= Beginning of Section =

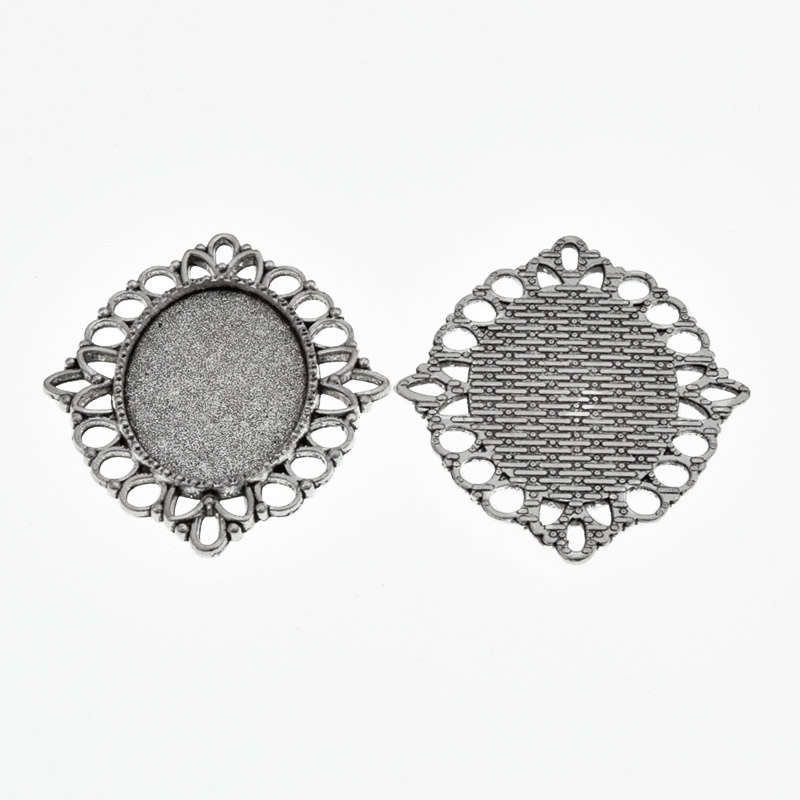 Основа овальна ажурна, 40х34 мм, 25х18 мм, Античне срібло (OSN-059449)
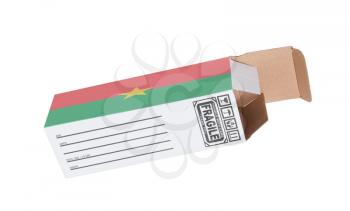 Concept of export, opened paper box - Product of Burkina Faso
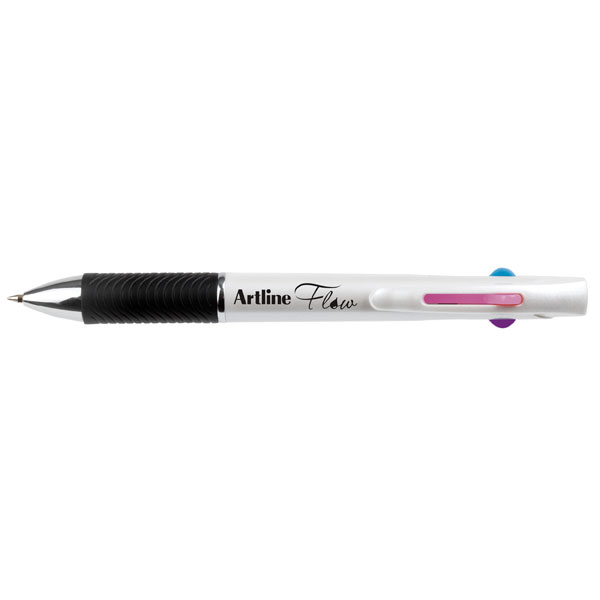 Pen Artline Flow Retractable 4-Colour Pearl White (FS)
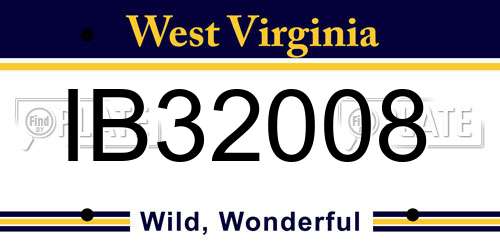 IB32008 West Virginia License Plate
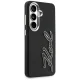 Karl Lagerfeld Grained Signature Metal Resin Logo vāciņš Samsung Galaxy S26, melns
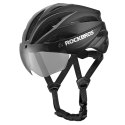 Kask rowerowy z szybką odpinanymi okularami z filtrem UV unisex - czarno brązowy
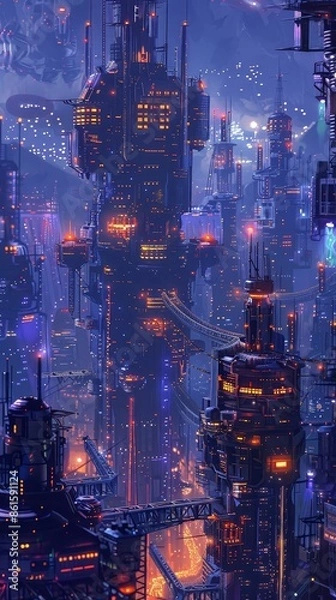 Fototapeta Hightech port with glowing neon lights, selfoperating cranes, Scifi, High detail, Digital painting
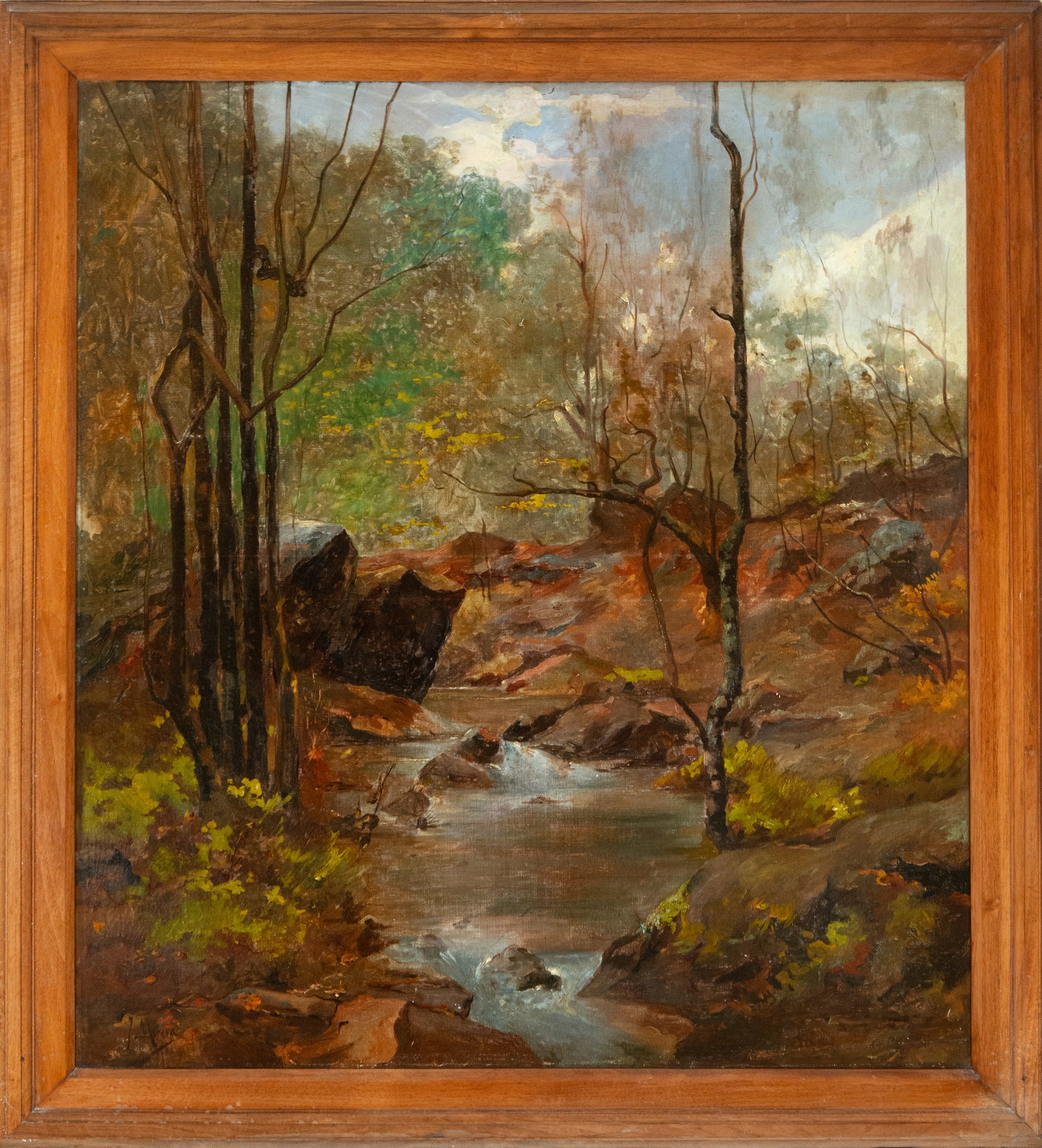 Spanish School of the Late 19th Century - Autumn Landscape, Signed J. Aforera: Oil on canvas. Measurements: 126 x 116 cm.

= End of Section =

- TASK -
Pictures aside, repeat each entry in full and without change.

- SOLVED PROBLEM -
 Основа овальна ажурна, 40х34 мм, 25х18 мм, Античне срібло (OSN-059449)
 Concept of export, opened paper box - Product of Burkina Faso
 Pen Artline Flow Retractable 4-Colour Pearl White (FS)
 IB32008 West Virginia License Plate
 Karl Lagerfeld Grained Signature Metal Resin Logo vāciņš Samsung Galaxy S26, melns
 Kask rowerowy z szybką odpinanymi okularami z filtrem UV unisex - czarno brązowy
 Fototapeta Hightech port with glowing neon lights, selfoperating cranes, Scifi, High detail, Digital painting
 Spanish School of the Late 19th Century - Autumn Landscape, Signed J. Aforera: Oil on canvas. Measurements: 126 x 116 cm.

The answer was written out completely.